● PROBLEM DESCRIPTION
In the listing that follows, count every line holding the word "Necklace" and give only the count.

● EXCERPTED DATA
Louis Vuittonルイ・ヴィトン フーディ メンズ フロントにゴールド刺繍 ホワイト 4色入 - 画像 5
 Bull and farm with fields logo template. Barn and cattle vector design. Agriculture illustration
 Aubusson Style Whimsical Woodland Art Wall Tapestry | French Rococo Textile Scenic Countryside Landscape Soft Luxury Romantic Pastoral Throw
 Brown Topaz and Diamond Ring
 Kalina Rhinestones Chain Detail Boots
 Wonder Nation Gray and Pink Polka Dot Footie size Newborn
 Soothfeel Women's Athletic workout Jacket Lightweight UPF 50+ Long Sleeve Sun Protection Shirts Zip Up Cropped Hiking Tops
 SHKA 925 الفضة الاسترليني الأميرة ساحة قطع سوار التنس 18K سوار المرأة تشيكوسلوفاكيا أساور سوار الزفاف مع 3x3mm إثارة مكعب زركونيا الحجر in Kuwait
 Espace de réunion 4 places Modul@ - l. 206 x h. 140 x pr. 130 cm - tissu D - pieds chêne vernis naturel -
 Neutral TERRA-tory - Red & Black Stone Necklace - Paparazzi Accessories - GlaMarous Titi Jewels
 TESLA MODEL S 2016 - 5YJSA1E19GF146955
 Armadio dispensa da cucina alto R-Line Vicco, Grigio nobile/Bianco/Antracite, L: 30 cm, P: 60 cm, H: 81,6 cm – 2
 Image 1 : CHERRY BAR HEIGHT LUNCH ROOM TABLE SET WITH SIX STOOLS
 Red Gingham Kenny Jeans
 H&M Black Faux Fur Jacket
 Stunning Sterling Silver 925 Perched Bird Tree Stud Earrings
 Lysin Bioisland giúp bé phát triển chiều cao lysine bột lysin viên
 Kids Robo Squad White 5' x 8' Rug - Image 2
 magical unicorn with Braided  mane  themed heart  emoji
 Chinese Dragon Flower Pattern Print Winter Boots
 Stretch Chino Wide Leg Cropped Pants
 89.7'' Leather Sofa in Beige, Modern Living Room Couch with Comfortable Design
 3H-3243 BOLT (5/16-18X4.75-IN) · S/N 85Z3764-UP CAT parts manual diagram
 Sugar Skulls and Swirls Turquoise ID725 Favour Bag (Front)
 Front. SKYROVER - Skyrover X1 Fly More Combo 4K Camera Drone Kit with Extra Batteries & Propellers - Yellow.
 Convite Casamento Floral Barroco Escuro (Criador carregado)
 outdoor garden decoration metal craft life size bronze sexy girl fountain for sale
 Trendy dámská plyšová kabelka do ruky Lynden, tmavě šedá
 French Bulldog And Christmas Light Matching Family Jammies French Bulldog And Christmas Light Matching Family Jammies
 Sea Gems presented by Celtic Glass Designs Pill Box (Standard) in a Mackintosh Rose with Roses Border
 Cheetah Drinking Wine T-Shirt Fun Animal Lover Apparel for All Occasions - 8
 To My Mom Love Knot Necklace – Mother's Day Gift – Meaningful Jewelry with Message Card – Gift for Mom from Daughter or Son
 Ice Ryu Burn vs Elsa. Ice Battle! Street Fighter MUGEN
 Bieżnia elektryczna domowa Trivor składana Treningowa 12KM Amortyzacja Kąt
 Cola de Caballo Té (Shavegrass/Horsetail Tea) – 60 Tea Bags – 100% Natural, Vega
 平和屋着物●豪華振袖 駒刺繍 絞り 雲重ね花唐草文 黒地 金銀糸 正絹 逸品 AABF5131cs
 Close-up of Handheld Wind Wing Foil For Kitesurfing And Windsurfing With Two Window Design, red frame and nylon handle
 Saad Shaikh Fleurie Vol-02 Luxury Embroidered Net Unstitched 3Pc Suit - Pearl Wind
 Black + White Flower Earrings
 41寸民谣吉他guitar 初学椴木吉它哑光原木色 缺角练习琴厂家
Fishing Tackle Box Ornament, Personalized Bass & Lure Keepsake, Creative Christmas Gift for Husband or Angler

● SOLUTION FOR THIS PROBLEM
2